Should meat producers have a cow over falling beef profits?
- Tyson Foods, Cargill and other meat packers are seeing profit losses of $82.85 on each head of cattle they slaughter, according to Bloomberg. In the last month, industry analysts have lowered their consensus one-year target price for Tyson’s stock by 1.1%.
- Rising cattle costs and low beef prices are shrinking profit margins. Much of this downward trend is fueled by health-conscious consumers’ substitution of red meat for poultry. Per capita chicken consumption is set to reach 90.4 pounds this year, with per capita beef consumption estimated at only 56.6 pounds.
- Beef is Tyson’s largest meat category by revenue — bringing in $14.5 billion by end-of-year figures on Oct. 1 — but garners the smallest profits. The company saw its beef segment rebound in fiscal 2016 to a $347 million operating profit from a loss of $66 million the year before, but analysts are skeptical of this turnaround’s lasting power.
It’s no secret that a growing number of consumers are eating less meat, or giving it up entirely.
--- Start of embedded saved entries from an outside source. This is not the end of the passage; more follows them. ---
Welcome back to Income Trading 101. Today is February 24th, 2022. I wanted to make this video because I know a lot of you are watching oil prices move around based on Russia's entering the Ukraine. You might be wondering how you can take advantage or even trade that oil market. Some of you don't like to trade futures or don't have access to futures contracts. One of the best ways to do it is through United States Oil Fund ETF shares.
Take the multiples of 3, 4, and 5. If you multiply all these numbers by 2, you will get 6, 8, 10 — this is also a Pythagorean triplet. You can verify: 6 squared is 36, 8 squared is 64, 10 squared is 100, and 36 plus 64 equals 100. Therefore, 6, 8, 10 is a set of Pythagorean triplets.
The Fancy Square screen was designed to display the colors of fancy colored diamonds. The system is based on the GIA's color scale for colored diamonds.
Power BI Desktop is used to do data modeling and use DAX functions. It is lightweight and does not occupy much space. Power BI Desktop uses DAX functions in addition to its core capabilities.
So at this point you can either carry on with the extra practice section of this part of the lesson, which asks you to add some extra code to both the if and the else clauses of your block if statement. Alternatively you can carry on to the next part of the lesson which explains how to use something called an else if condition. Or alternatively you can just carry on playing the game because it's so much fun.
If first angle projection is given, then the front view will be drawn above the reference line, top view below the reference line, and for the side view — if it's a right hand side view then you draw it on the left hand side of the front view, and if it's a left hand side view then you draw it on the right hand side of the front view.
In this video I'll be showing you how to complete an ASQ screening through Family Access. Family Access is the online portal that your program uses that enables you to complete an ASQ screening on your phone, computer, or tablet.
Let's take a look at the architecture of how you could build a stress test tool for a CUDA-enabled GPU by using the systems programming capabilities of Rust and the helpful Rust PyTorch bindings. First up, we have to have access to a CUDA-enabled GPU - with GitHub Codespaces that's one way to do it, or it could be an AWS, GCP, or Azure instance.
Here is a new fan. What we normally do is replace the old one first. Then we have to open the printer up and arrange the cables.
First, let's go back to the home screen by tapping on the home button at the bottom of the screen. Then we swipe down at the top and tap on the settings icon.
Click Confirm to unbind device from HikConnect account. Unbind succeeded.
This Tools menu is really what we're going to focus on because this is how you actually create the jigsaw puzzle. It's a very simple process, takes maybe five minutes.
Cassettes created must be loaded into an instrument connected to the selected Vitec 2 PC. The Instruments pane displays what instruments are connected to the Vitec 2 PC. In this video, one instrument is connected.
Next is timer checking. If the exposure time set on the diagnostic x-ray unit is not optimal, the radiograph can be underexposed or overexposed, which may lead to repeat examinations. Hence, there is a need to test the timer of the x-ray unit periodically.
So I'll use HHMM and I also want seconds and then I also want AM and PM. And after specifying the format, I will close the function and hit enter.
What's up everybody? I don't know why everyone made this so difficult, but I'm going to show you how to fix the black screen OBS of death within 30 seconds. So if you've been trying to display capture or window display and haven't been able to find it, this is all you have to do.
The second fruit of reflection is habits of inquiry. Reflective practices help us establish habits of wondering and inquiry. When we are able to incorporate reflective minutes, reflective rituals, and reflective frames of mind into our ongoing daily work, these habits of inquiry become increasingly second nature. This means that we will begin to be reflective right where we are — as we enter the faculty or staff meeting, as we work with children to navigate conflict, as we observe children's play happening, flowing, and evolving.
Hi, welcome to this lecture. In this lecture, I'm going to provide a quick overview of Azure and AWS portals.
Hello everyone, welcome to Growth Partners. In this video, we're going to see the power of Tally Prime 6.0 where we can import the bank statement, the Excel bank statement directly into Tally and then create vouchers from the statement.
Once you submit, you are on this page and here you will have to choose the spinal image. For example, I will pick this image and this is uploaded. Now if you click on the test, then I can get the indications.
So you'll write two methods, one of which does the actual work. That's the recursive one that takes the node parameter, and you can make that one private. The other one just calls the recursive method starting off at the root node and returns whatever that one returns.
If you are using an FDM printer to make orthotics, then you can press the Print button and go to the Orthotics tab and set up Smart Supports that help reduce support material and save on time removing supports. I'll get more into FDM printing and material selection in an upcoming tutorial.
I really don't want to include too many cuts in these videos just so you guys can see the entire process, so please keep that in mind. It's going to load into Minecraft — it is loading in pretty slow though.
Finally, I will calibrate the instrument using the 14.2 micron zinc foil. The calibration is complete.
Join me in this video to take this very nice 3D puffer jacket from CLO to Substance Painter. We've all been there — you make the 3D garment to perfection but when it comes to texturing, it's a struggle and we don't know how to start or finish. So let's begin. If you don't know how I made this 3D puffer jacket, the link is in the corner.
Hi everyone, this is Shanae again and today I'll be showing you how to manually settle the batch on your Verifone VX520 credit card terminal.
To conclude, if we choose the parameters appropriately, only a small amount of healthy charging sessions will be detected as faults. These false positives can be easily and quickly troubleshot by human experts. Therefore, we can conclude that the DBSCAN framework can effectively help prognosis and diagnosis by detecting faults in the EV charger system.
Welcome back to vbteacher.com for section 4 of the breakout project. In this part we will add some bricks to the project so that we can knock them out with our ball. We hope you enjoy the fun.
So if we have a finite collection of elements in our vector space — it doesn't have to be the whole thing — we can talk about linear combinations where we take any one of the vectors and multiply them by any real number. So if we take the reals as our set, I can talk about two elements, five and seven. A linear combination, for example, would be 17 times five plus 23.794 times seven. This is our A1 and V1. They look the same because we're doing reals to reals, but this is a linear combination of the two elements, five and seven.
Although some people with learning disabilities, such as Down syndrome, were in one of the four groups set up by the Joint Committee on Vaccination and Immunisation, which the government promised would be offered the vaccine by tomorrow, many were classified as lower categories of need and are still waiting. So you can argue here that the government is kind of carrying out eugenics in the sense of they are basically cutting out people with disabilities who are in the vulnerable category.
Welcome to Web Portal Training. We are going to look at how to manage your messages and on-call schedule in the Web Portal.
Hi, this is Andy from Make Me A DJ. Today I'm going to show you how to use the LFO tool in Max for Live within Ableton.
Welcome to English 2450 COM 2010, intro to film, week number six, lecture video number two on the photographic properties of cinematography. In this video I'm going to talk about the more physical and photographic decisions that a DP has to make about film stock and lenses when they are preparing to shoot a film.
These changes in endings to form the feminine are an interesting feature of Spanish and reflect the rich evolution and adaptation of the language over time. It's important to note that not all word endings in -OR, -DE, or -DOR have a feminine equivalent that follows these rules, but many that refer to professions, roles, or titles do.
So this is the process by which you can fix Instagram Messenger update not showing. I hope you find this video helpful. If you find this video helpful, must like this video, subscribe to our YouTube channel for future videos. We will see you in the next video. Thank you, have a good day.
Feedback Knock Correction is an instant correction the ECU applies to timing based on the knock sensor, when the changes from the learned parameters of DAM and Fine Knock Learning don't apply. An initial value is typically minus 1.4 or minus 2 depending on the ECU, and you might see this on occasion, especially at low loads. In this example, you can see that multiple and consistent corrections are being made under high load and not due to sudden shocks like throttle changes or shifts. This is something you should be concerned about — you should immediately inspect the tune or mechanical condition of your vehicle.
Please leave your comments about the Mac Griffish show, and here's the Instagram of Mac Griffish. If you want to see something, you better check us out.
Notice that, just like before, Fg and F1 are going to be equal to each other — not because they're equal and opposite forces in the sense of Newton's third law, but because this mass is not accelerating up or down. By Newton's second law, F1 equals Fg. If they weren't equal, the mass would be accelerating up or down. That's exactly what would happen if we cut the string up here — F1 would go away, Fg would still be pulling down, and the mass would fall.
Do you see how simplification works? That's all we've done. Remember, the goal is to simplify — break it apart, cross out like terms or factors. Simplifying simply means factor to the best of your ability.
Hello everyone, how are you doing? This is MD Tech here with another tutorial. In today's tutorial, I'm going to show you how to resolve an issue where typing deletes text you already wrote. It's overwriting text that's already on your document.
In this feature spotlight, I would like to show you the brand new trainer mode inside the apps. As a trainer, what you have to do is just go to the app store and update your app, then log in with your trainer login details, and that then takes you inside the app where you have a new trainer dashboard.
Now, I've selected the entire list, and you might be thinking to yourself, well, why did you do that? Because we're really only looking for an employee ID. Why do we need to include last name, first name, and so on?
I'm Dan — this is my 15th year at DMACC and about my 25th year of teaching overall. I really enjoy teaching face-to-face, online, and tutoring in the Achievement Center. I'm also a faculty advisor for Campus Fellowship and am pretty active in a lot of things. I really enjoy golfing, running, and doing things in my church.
The rise of flexitarian and vegan diets have spurred manufacturers to produce meat-free alternative products, making it easier for consumers to explore vegetarian options.
These falling price predictions are partially based on typical weather conditions, according the U.S. Department of Agriculture’s Economic Research Service. Weather-related setbacks or disease outbreaks could alter this outlook, but that won’t combat waning consumer interest in the beef category for long.
Red meat is often seen as a greater health risk than poultry, so poultry suppliers are better equipped to compete with alternative proteins — one of today’s fastest-growing consumer health trends and an increasingly powerful segment. And though Tyson is benefiting from recent increases in chicken consumption, consumer distrust of red meat could soon become a major blow to the company.
This could be why Tyson was the first major meat company to invest in a plant-based protein company. Tyson acquired a 5% stake in Beyond Meat in October, signaling its awareness of the growing power of meat alternatives.
Tyson has a track record of staying ahead of consumer trends and adapting its portfolio to meet consumer demands, but it will be interesting see how it, and other meat packers, react to a potentially tumultuous year for beef.